If I'm trying to obtain a simple answer for a very complex topic and should be reading up on herbicide groups in general elsewhere, please feel free to say so, just want to make sure I'm not overthinking first. Thx!


----------



## 440mag

Collywood said:


> If I'm trying to obtain a simple answer for a very complex topic and should be reading up on herbicide groups in general elsewhere, please feel free to say so, just want to make sure I'm not overthinking first. Thx!


I don't know enough to "say so" as your question strikes me as a good one (albeit potentially overthinking! :lol: Seriously, I live on a lake; and besides always sweating over my buffer zone, your question is one I gnaw on quite frequently. And I am living proof one can get oneself in a quagmire by going too light on pre-em's (thank heavens the resident herbicide guru pointed out to me that my going the light rates explained why out of nowhere in 2016-17 I was overrun with goosegrass I am STILL battling!)

Anyhoo, three thoughts:

1) just about every label indicates "annual" and "each app." Maximums (many even indicate soil "half life" which I find VERY useful in my annual planning)
2) I combine that knowledge with tracking my apps (as well as organizing my chem closet) not only by active ingredient but also according to MOA (mode of action) group 
3) one of the coolest ideas I've learned here at TLF is an Excel spreadsheet some use to really track running totals of chems applied and I imagine it would be easy to add a column for MOA group ...

I realize I have not answered your question (truth is, "I don't know") but, combining #'s 1 and 2 above while being as sparing and judicious as I can (and trying to read and re-read labels before each use) is how I sleep at night ....

Darn good question! :thumbup:


----------



## g-man

@Collywood this is a complex question with an answer of it depends. In short, most of us avoid max yearly levels, except maybe on PreM. Try to not reach max across similar products like prem (eg. prodiamine + dithiopyr).


----------



## Collywood

Thanks @440mag & @g-man for the helpful responses, this confirms what I was thinking but didn't want to mess around with chemicals I'm not experienced with.


----------



## LawnScrub

For people that have small tanks and can't fit a regular paint mixer into their tank, I just found out this tool that fits into my 2 gal pump sprayer. https://www.homedepot.com/p/Warner-1-3-4-in-Spiral-Mixer-for-1-5-gal-Epoxy-205322/205053024

Now I don't have to shake my sprayer like a mad man.

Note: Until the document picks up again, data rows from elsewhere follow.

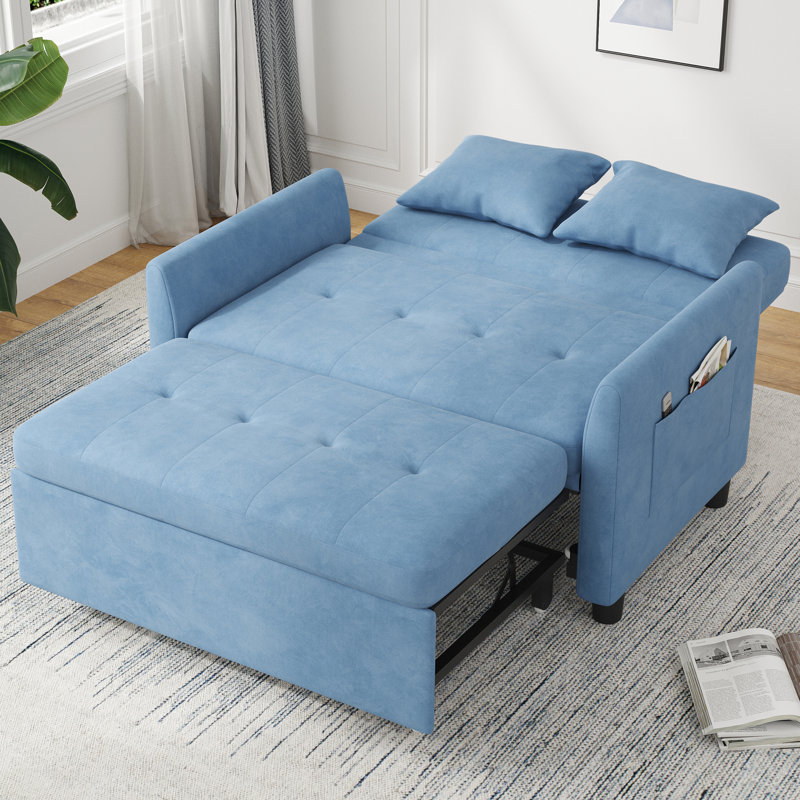 46.5“ Upholstered Pull Out Sleeper Sofa, Modern Convertible Loveseat Bed with Phone Holder & Side Pockets, Blue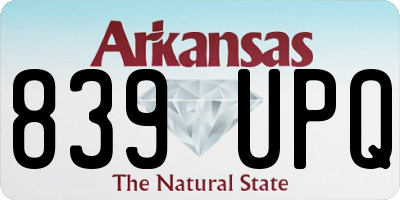 AR license plate 839UPQ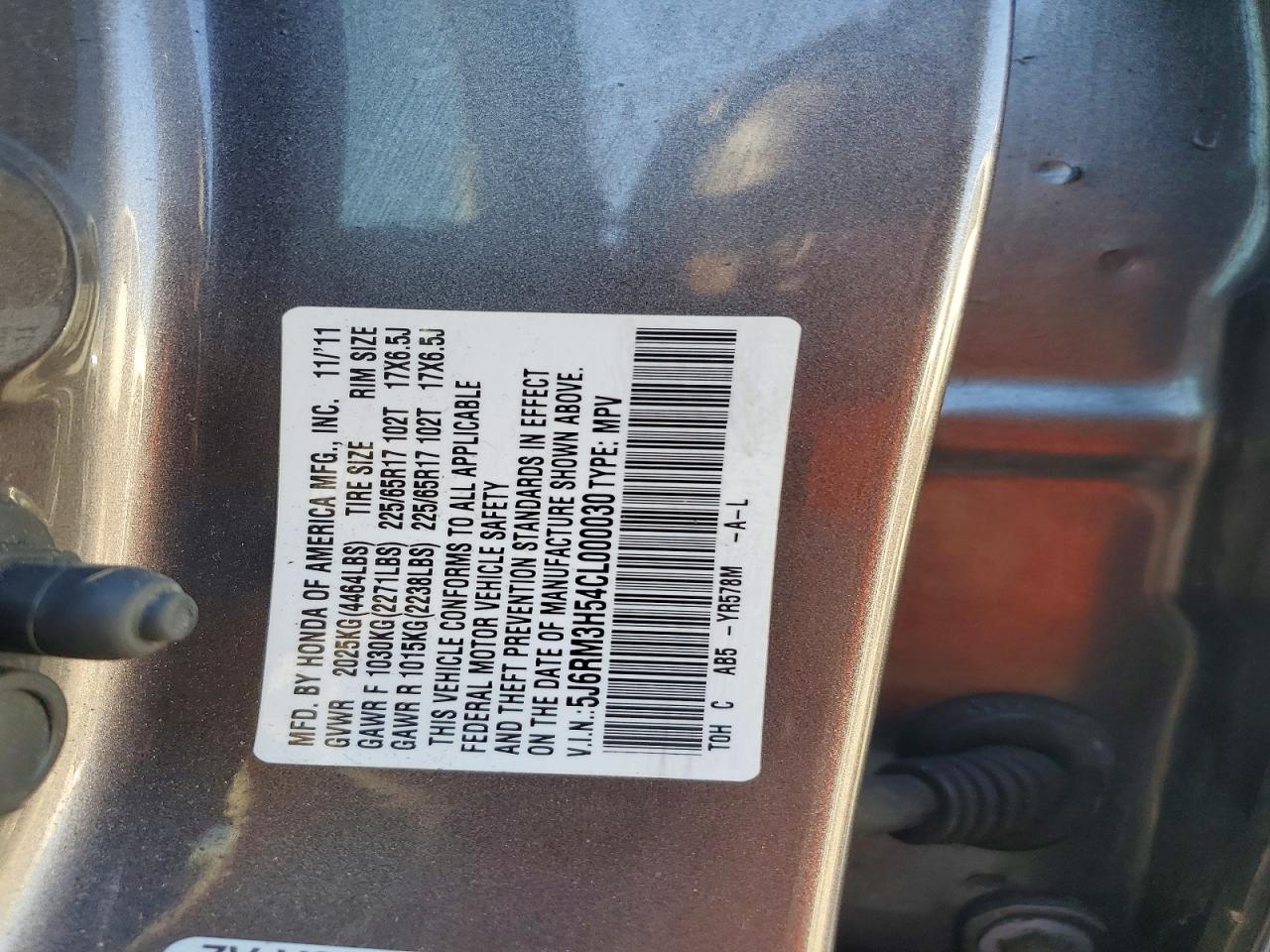 2012 Honda Cr-v Ex Gray vin: 5J6RM3H54CL000030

Measure the opening and make sure its larger then 1.75". The 1 gal chapin pump sprayer opening was too small for it to fit though. This was the smallest mixer I could find.

It's only $2.10 and 1.75 inch diameter.


----------



## isuhunter

Are you guys utilizing a syngenta branded Tenacity or a generic?

I have Aremezon from the farm - same as Pylex - are you guys utilizing much Pylex or sticking to Meso?


----------



## Lawn Noob

I used name brand Tenacity.


----------



## 440mag

Lawn Noob said:


> I used name brand Tenacity.


That's all I've ever used; however; for $46.58 /8oz bottle, I may be trying this alternative when my current inventory of Tenacity runs down: https://www.amazon.com/dp/B07L3S9FKX/?coliid=I1DN778IR14FJ4&colid=2XZ4RVRPC9P0B&psc=1&ref_=lv_ov_lig_dp_it_im


----------



## Ngilbe36

If combining multiple different herbicides, in a tank mix, should the bottle prescribed amounts be reduced since other herbicides are being used in conjunction, or still use the same amounts? I dont see this discussed anywhere on here yet. For example, if I am mixing Quinclorac, a 3-way, and Mesotrione, would I use the full rates of each or slightly reduce them to not hurt the desirable turf?

Thanks!


----------



## Dkrem

Ngilbe36 said:


> If combining multiple different herbicides, in a tank mix, should the bottle prescribed amounts be reduced since other herbicides are being used in conjunction, or still use the same amounts? I dont see this discussed anywhere on here yet. For example, if I am mixing Quinclorac, a 3-way, and Mesotrione, would I use the full rates of each or slightly reduce them to not hurt the desirable turf?
> 
> Thanks!


I usually do, by experimentation. For example I use triclopyr by itself at full rate, but found if I tank mix it with a 3 or 4 way full rate will scorch my fescue, so it cut it to about 60% of full rate and get no scorching but more dead undesirables, and faster.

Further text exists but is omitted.